The larger of two volcanic peaks rising out of the crystalline waters of the Caribbean.
Soaring 2,500 feet from the clear blue waters of the Caribbean, two towering peaks dominate the skyline. The larger of these green-laden summits is known as Gros Piton and its smaller counterpart is Petit Piton. They border Soufrière, a colorful Saint Lucia town that once served as the country’s capital. The Pitons are volcanic plugs that were created when lava cooled within a vent of the currently-dormant volcanoes. The Pitons of Saint Lucia are among the largest of the world’s volcanic plugs.
In 2004, the Pitons were named a UNESCO World Heritage Site. Vibrant coral reefs cover nearly 60 percent of the surrounding marine area, which is home to 168 different species of finfish. The tropical forests that cover the Pitons are also a refuge for a range of unique flora and fauna. Gros Piton is home to 148 plant species and the Petit Piton is home to 97. On the small ridge between the two plugs, eight rare tree species have also been found. The forests lining the Pitons are teeming with almost 30 different bird species, five of which are endemic, as well as rodents, opossums, bats, reptiles, and amphibians.
The Pitons have become an iconic image for the island nation. So much so, the Saint Lucia-based Windward and Leeward Brewery named a beer after them. Their award-winning Piton beer was first brewed in October 1992 and includes many varieties like Piton Shandy Lemon or Piton Shandy Ginger. The popular beer can be found throughout the Caribbean and beyond.
Know Before You Go
The Gros Piton trailhead can be found at the following address: Gros piton soufriere, Soufriere, St. Lucia. The almost three-mile, out-and-back hike climbs 1,814 feet and takes about 3-6 hours to complete each way.

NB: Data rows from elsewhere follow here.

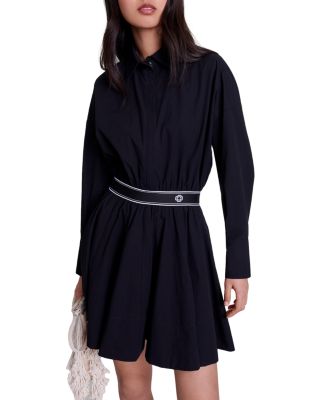 Maje Ratia Shirt Dress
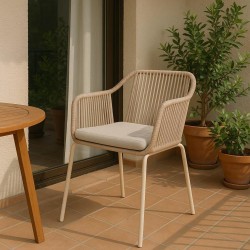 SILLA DE EXTERIOR PENNY
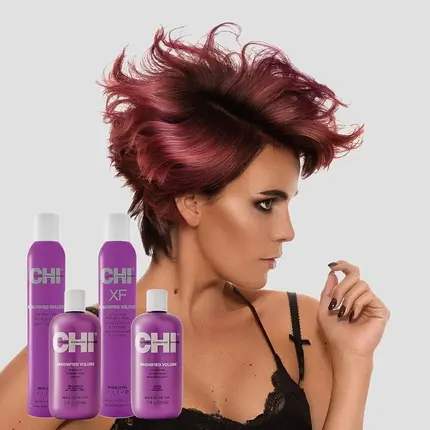 Фиксирующий лак для волос Chi Chi Magnified Volume XF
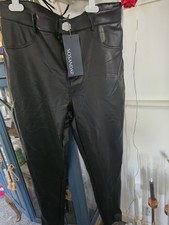 Sosandar Women's Pvc Leggings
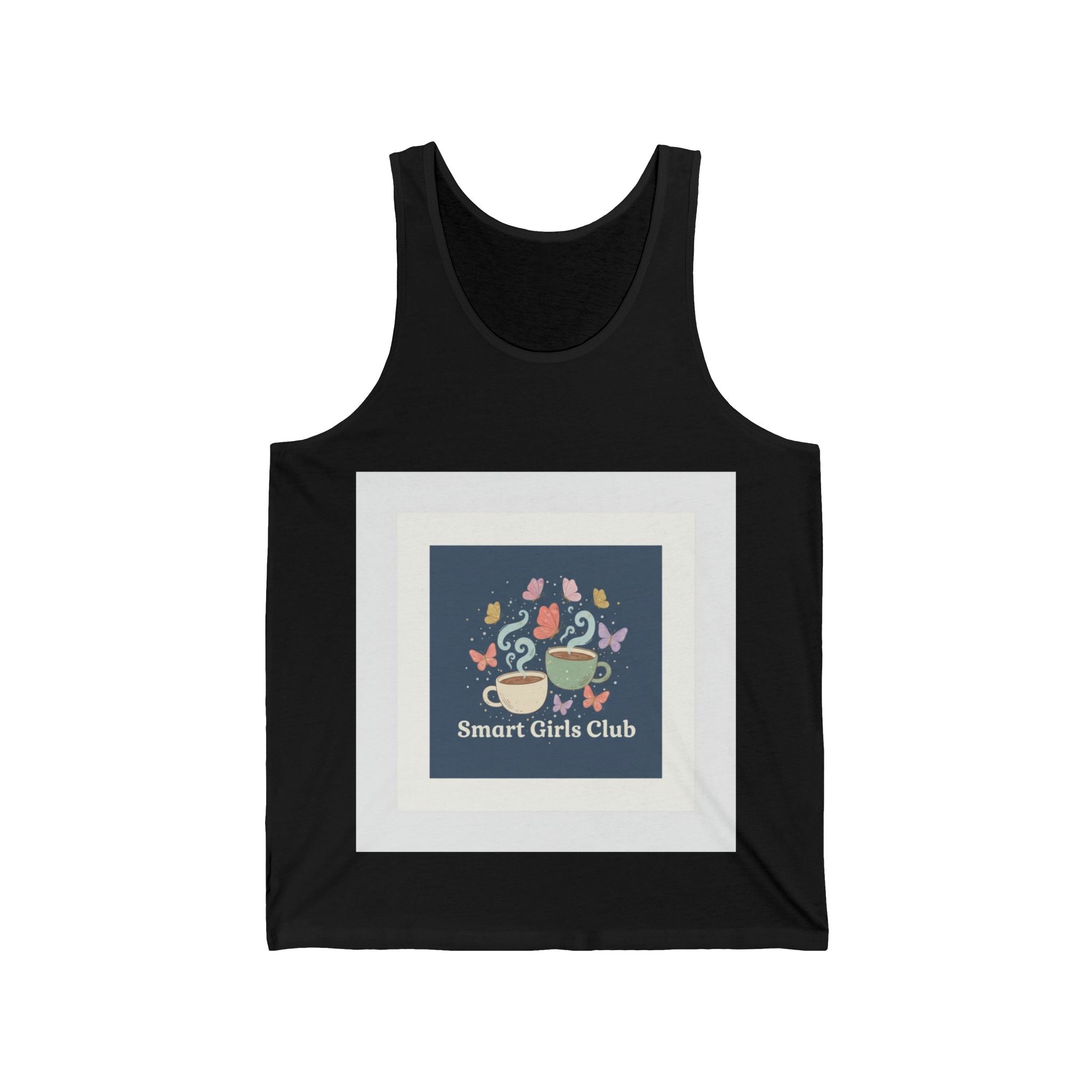 Butterflies Tank Top – Smart Girls Club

Visitors can also hike the one-mile, out-and-back trail to the top of Petit Piton. This hike takes usually around an hour and 15 minutes to complete with an elevation gain of 1,250 feet. Both trails are open year-round, but the Gros Piton trail is better marked and more well-traveled. Visitors shouldn’t hike the Petit Piton trail when it’s rainy, and special permits and guides may be required to hike the smaller Piton.